The findings reported in this book have been compared with modern scientific knowledge about the structure of the nuclei in various elements and though they do not agree in entirety, there are uncanny parallels between them which have been documented by modern scientists: Arnikar(6), Phillips (7).
Apparently, there are other means of arriving at truths through extra-sensory perceptions which are not known to us in science. Indeed one of the great modern scientists named Schrödinger who founded Wave mechanics, which was the precursor of modern Quantum Mechanics, studied the Vedas and commented that all thinking ended on the banks of the ganges and modern science is merely re-discovering what those sages already knew ! This may be an exaggeration but it is perhaps not without some grain of truth in it.
iii) The discovery of J. Krishnamurti (8)
In our own times, in the 20th Century, Mr. C.W. Leabeater “saw” an unusual aura (a combination of colours around the
brain) of a poor, young, emaciated 13 year old boy named Krishnamurti while he was playing on the sea beach in Madras. From this observation he predicted that this boy has an extremely rare aura with almost no trace of selfishness in it. He predicted that this boy will become a World Teacher. The boy was adopted by Mrs. Besant and brought up in the Theosophical Society. Though the boy was dull and could not pass any examinations, they never changed their mind. The the boy later left the Theosophical Society, but he did become a World Teacher. The Buddhists choose a new Dalai Lama in the same way, by locating a boy with a highly developed spiritual consciousness.
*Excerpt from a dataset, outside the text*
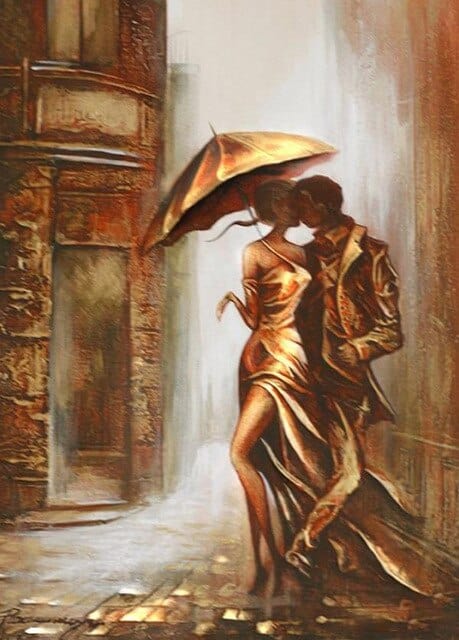 Arthia Designs - Romantic Couple in Love City Canvas Art - Review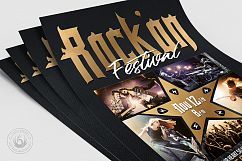 Rock Festival Flyer Template V4 Product Image 5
Is this based on myth or on perception?
iv) Ayurvedic Herbs & Acupuncture
How did the ancient sages in India discover the effect of various ayurvedic herbs and how did those in China discover Acupuncture? The efficacy of both these is now tested scientifically but the sages did not use scientific double-blind experiments or trial and error to make these discoveries. Were these based on myth or perception?
- Conclusion
Insights such as these do need to be tested by scientific methods since they can get mixed up with subjective elements in the consciousness, such as desires, ambitions or dreams. But pure insights are perceptions of facts beyond the known and do occur in science, in art, in spirituality and they can be as pure and objective as scientific observations.
References
1. S. Weinberg. The first three minutes, Bantam Books,1977. 2. Thomas Kuhn. The structure of scientific revolutions, University of Chicago Press, 1962.
3. Robert Kanigel. The man who knew infinity, Scribners, London 1991.
4. H.P. Blavatsky. The Secret doctrine… Theosophical Publishing House, Chennai 1988.
5. A Besant and C.W. Leadbeater Occult Chemistry Theosophical Publishing House, Chennai 1908.
6. H.J. Arnikar. Essentials of Occult Chemistry and modern science. Theosophical Publishing House, Chennai, 2000. 7. S.M. Phillips. Extra-sensory perception of quarks. Theosophical Publishing House, Wheaton, illinois 1980.
8. Mary Lutyens. Krishnamurti : the years of awakening, Avon, New York 1975.